**What to produce:** The data is to be repeated exactly, with the images removed.

-*-*-

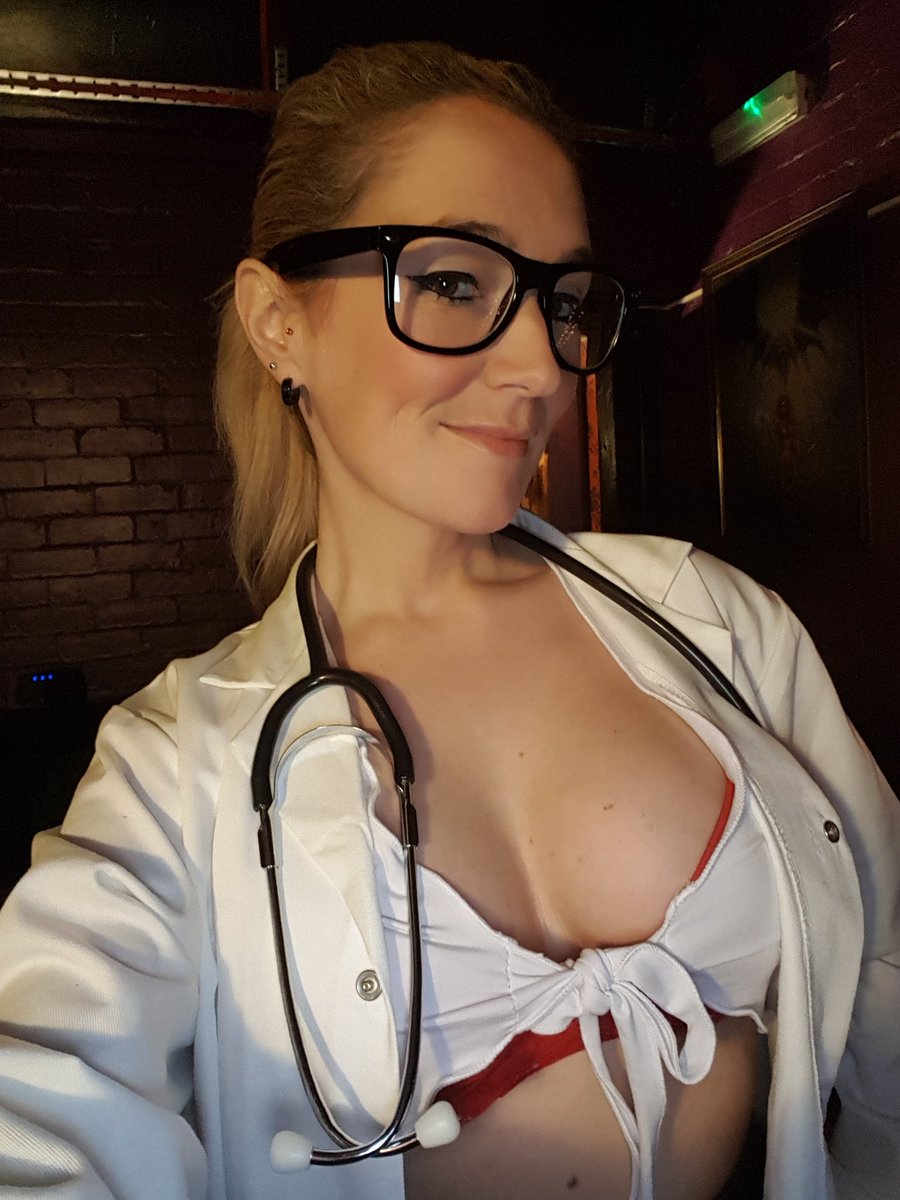 UKMsLuciWhite's tweet photo. Dr Luci will see you now!!!  🤓

Come to @StockportBDSM for a full medical including prostate examination 😉

#medicalplay #needleplay #suturekit #pegging #roleplay 
#medicalmistress 🔬💉💉

@DirkHooper @EliteUKMistress @Hogspy @Yourdominatrix https://t.co/4cImsuV8II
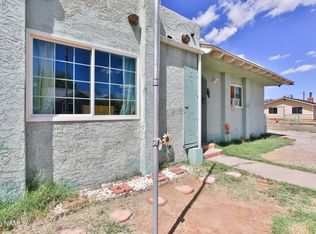 419 N Apache Ave, Winslow, AZ 86047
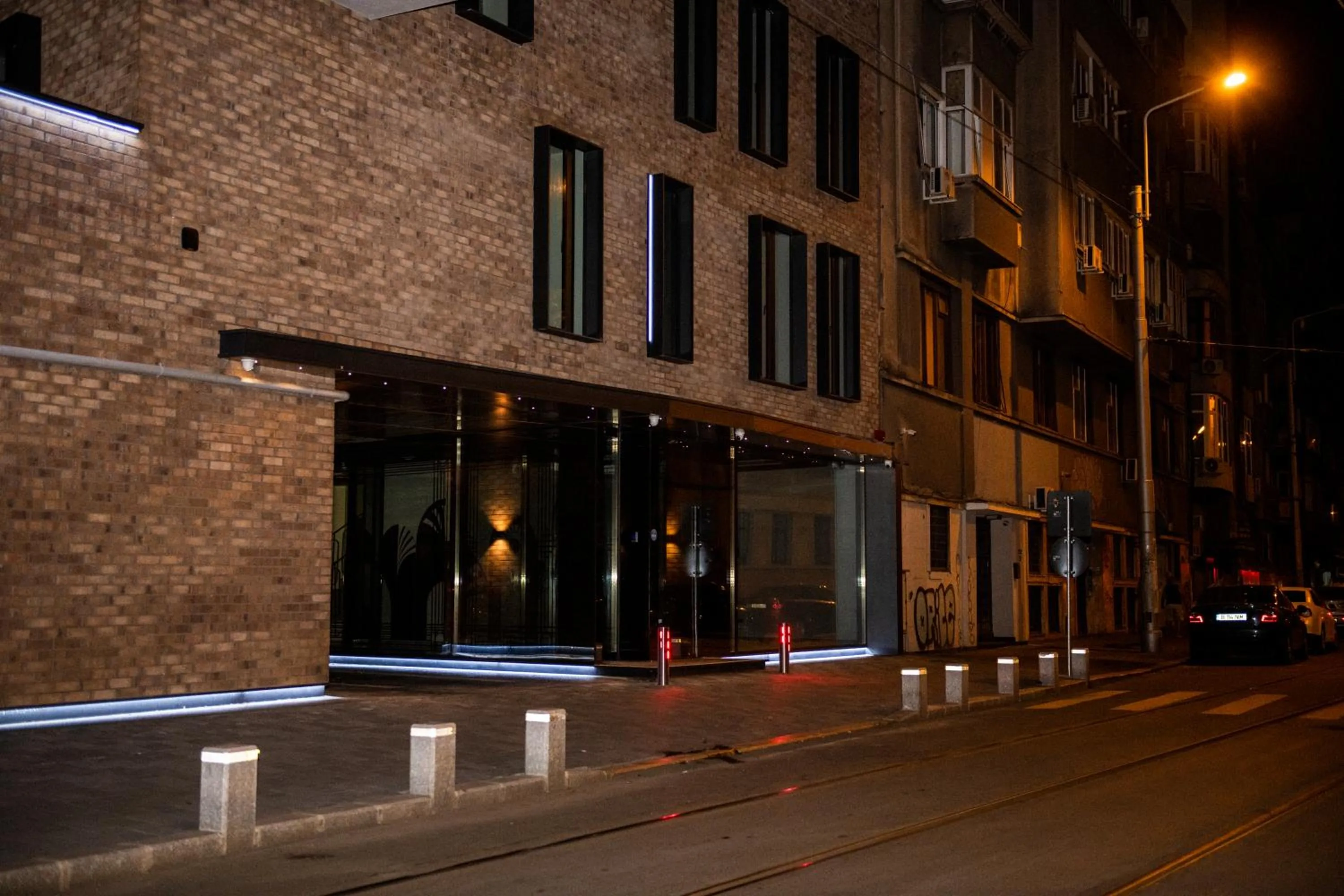 Property building in CM111Apparthotel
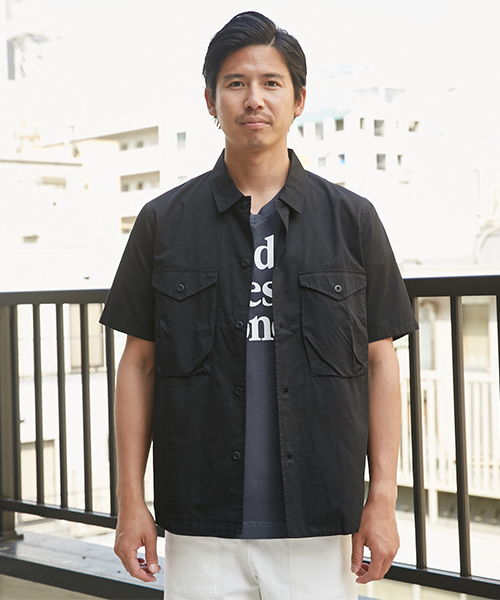 AZUL by moussy（アズールバイマウジー）の「ミリタリー半袖シャツ（シャツ/ブラウス・メンズ・ブラック/カーキ・LARGE/MEDIUM/SMALL）」の6枚目の写真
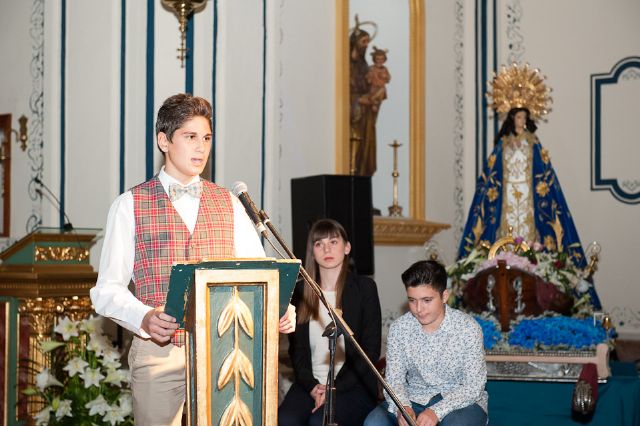 Jvenes de secundaria y la alcaldesa escenifican las nueve declaraciones del Milagro, Foto 3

-*-*-

**Response to this exercise:**
 UKMsLuciWhite's tweet photo. Dr Luci will see you now!!!  🤓

Come to @StockportBDSM for a full medical including prostate examination 😉

#medicalplay #needleplay #suturekit #pegging #roleplay 
#medicalmistress 🔬💉💉

@DirkHooper @EliteUKMistress @Hogspy @Yourdominatrix https://t.co/4cImsuV8II
 419 N Apache Ave, Winslow, AZ 86047
 Property building in CM111Apparthotel
 AZUL by moussy（アズールバイマウジー）の「ミリタリー半袖シャツ（シャツ/ブラウス・メンズ・ブラック/カーキ・LARGE/MEDIUM/SMALL）」の6枚目の写真
 Jvenes de secundaria y la alcaldesa escenifican las nueve declaraciones del Milagro, Foto 3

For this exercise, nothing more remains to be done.